Assignment
Write out the data that follows. Keep every character unchanged.

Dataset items
# # # #

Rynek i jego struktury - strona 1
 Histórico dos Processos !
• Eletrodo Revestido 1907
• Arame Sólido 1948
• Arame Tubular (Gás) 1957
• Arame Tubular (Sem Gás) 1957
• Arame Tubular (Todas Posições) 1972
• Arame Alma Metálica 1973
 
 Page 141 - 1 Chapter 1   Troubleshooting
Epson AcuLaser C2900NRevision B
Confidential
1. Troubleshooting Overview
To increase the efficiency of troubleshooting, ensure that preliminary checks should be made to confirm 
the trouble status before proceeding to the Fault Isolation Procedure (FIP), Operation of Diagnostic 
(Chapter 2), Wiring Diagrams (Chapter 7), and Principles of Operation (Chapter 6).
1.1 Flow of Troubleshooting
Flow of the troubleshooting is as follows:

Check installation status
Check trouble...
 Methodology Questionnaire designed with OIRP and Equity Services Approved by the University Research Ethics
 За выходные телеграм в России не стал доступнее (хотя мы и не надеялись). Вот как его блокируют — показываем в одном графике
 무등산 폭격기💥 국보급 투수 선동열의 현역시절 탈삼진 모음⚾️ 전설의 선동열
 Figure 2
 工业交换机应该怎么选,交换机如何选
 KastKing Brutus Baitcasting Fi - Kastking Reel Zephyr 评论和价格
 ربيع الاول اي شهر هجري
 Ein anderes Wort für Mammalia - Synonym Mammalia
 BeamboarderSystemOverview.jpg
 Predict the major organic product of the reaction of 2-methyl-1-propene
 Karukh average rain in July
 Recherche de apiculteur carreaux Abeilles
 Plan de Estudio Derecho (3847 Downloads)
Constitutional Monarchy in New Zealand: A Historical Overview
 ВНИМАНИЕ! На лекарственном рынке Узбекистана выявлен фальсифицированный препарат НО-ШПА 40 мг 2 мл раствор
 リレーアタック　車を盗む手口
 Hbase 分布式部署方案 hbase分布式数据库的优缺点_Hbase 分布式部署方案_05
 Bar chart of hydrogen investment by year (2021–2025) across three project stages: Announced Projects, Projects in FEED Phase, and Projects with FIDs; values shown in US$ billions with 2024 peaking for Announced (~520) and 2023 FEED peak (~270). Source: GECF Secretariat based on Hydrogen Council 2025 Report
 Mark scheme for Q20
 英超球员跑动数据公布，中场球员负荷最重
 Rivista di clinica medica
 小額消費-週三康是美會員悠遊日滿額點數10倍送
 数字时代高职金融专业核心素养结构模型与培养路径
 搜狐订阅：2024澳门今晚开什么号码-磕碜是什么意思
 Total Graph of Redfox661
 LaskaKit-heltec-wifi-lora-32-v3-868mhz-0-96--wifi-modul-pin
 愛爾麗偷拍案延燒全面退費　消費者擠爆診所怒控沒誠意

# # # #

Written solution
Rynek i jego struktury - strona 1
 Histórico dos Processos !
• Eletrodo Revestido 1907
• Arame Sólido 1948
• Arame Tubular (Gás) 1957
• Arame Tubular (Sem Gás) 1957
• Arame Tubular (Todas Posições) 1972
• Arame Alma Metálica 1973
 
 Page 141 - 1 Chapter 1   Troubleshooting
Epson AcuLaser C2900NRevision B
Confidential
1. Troubleshooting Overview
To increase the efficiency of troubleshooting, ensure that preliminary checks should be made to confirm 
the trouble status before proceeding to the Fault Isolation Procedure (FIP), Operation of Diagnostic 
(Chapter 2), Wiring Diagrams (Chapter 7), and Principles of Operation (Chapter 6).
1.1 Flow of Troubleshooting
Flow of the troubleshooting is as follows:

Check installation status
Check trouble...
 Methodology Questionnaire designed with OIRP and Equity Services Approved by the University Research Ethics
 За выходные телеграм в России не стал доступнее (хотя мы и не надеялись). Вот как его блокируют — показываем в одном графике
 무등산 폭격기💥 국보급 투수 선동열의 현역시절 탈삼진 모음⚾️ 전설의 선동열
 Figure 2
 工业交换机应该怎么选,交换机如何选
 KastKing Brutus Baitcasting Fi - Kastking Reel Zephyr 评论和价格
 ربيع الاول اي شهر هجري
 Ein anderes Wort für Mammalia - Synonym Mammalia
 BeamboarderSystemOverview.jpg
 Predict the major organic product of the reaction of 2-methyl-1-propene
 Karukh average rain in July
 Recherche de apiculteur carreaux Abeilles
 Plan de Estudio Derecho (3847 Downloads)
Constitutional Monarchy in New Zealand: A Historical Overview
 ВНИМАНИЕ! На лекарственном рынке Узбекистана выявлен фальсифицированный препарат НО-ШПА 40 мг 2 мл раствор
 リレーアタック　車を盗む手口
 Hbase 分布式部署方案 hbase分布式数据库的优缺点_Hbase 分布式部署方案_05
 Bar chart of hydrogen investment by year (2021–2025) across three project stages: Announced Projects, Projects in FEED Phase, and Projects with FIDs; values shown in US$ billions with 2024 peaking for Announced (~520) and 2023 FEED peak (~270). Source: GECF Secretariat based on Hydrogen Council 2025 Report
 Mark scheme for Q20
 英超球员跑动数据公布，中场球员负荷最重
 Rivista di clinica medica
 小額消費-週三康是美會員悠遊日滿額點數10倍送
 数字时代高职金融专业核心素养结构模型与培养路径
 搜狐订阅：2024澳门今晚开什么号码-磕碜是什么意思
 Total Graph of Redfox661
 LaskaKit-heltec-wifi-lora-32-v3-868mhz-0-96--wifi-modul-pin
 愛爾麗偷拍案延燒全面退費　消費者擠爆診所怒控沒誠意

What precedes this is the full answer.